* [Work instructions] Each line in the material below, starting at the one that contains "Stainless Steel Oval" and ending at the one that contains "Discount!! Silver Rose", should be repeated exactly; the pictures should not.

* [Dataset entries]
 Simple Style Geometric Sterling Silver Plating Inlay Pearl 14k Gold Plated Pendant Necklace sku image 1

* * *

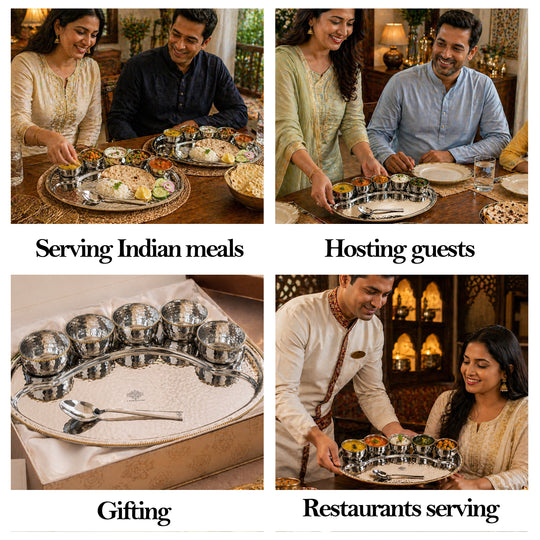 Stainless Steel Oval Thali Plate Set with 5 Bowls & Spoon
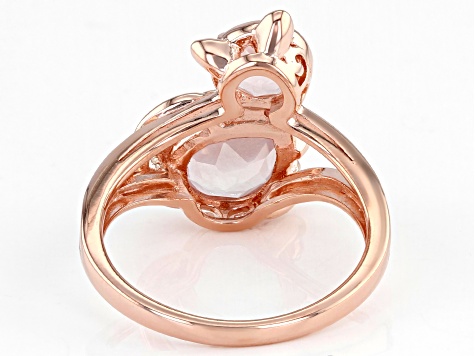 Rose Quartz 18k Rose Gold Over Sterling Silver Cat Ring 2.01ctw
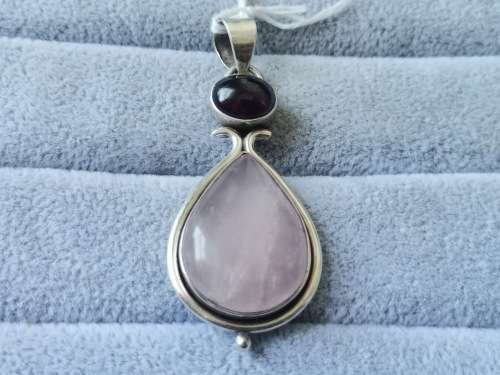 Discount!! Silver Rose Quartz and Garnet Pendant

* [Answer to the exercise]
 Stainless Steel Oval Thali Plate Set with 5 Bowls & Spoon
 Rose Quartz 18k Rose Gold Over Sterling Silver Cat Ring 2.01ctw
 Discount!! Silver Rose Quartz and Garnet Pendant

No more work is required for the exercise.